Cédric Passard : Né en 1831, Victor-Henri de Rochefort-Luçay, plus connu sous le nom d’Henri Rochefort, est le descendant d’une famille noble en proie à des difficultés financières. Son père, légitimiste, fait profession de vaudevilliste et écrit pour des journaux royalistes, mais ses piètres succès ne permettent pas d’assurer une vie aisée à sa famille. Pour subvenir à ses besoins, Henri est donc amené à travailler comme modeste employé à la préfecture de police de Paris. En parallèle, il mène toutefois une carrière d’homme de lettres en publiant des vaudevilles. Il débute également, dès les années 1850, dans le journalisme en rédigeant tout d’abord des critiques théâtrales et littéraires. Il acquiert ainsi une certaine notoriété, du moins auprès du public lettré. Il est embauché en 1864 par Hippolyte de Villemessant au Figaro.
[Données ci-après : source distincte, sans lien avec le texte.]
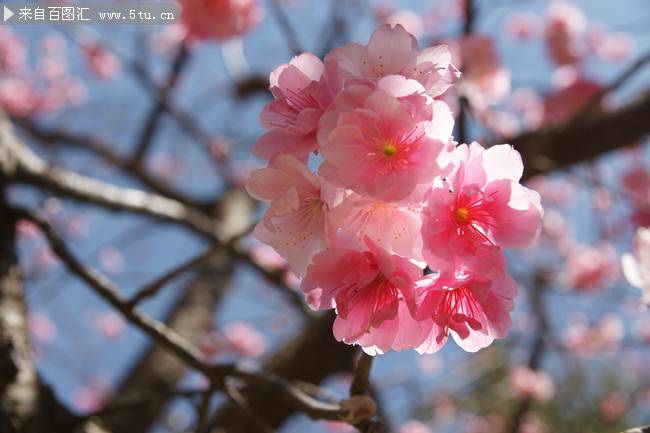 日本樱花超清唯美特写图片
Il commence alors à railler, à fleurets plus ou moins mouchetés, le gouvernement, ce qui vaut au journal des poursuites et oblige Villemessant à se séparer de son collaborateur. En 1867, Rochefort est donc un journaliste de premier plan dont on admire ou critique parfois les talents de polémiste, mais sa renommée ne dépasse pas encore vraiment celle d’autres chroniqueurs en vue. C’est avec la publication de La Lanterne, avec l’appui financier de Villemessant, que sa popularité se révèle au grand jour. Désormais, Rochefort devient le « grand pamphlétaire », un des principaux opposants au Second Empire, à la fois héros populaire et ennemi public. Il connaît alors une gloire dont on a peine aujourd’hui à mesurer l’ampleur. À ce moment-là, Flaubert écrit de lui qu’« il faut de la bravoure pour oser dire directement que ce n’est peut-être pas le premier écrivain du siècle ».
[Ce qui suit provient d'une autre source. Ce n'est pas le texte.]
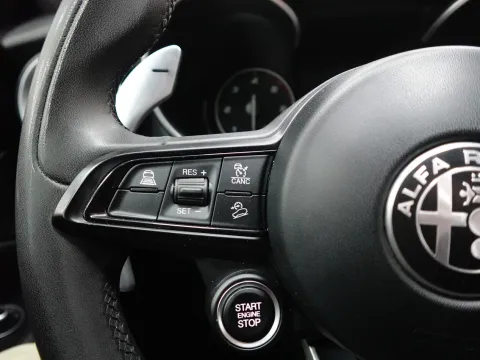 Alfa Romeo Stelvio 2.2 t Business Q4 190cv auto - Immagine 16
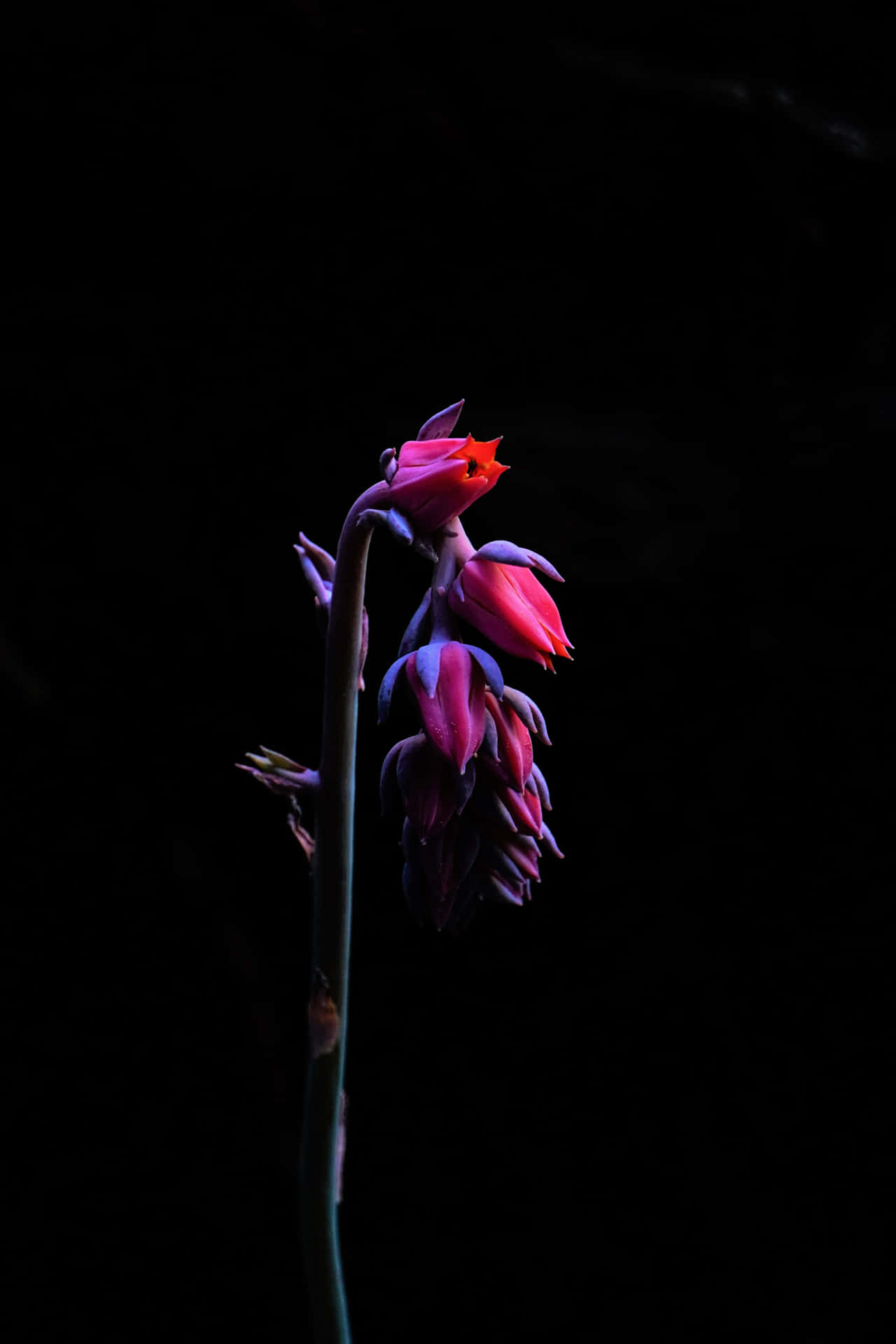 黑粉花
Quelles sont les caractéristiques de La Lanterne et comment s’explique son succès immense et rapide en cette fin de Second Empire ?
Éditée en format in-16, comportant une petite soixantaine de pages et paraissant tous les samedis, La Lanterne à la fameuse couverture rouge se présente comme une publication assez atypique qui la rapproche, à la fois, du petit livre par sa taille et du journal par sa forme périodique. Rochefort en est l’unique rédacteur. Elle est destinée, suivant ses propres mots, « à éclairer les honnêtes gens et à pendre les malfaiteurs ». Le premier numéro est publié le 31 mai 1868, 20 jours seulement après la promulgation de la nouvelle loi sur la presse qui supprime l’autorisation préalable. La première phrase en est restée célèbre : « La France contient, dit l’Almanach impérial, trente-six millions de sujets, sans compter les sujets de mécontentement. » Le succès est immédiat : les 15 000 exemplaires imprimés s’écoulent en un temps record, obligeant à multiplier le tirage, à tel point que l’imprimeur manque de brocheuses pour coudre les feuilles ! Les témoignages de l’époque racontent les attroupements des clients auprès des kiosques à journaux. Au total, ce sont plus de 120 000 exemplaires de ce premier numéro qui s’écoulent ; pour donner un ordre de comparaison, Le Figaro, où Rochefort était précédemment chroniqueur, ne tirait qu’entre 20 000 et 30 000 exemplaires.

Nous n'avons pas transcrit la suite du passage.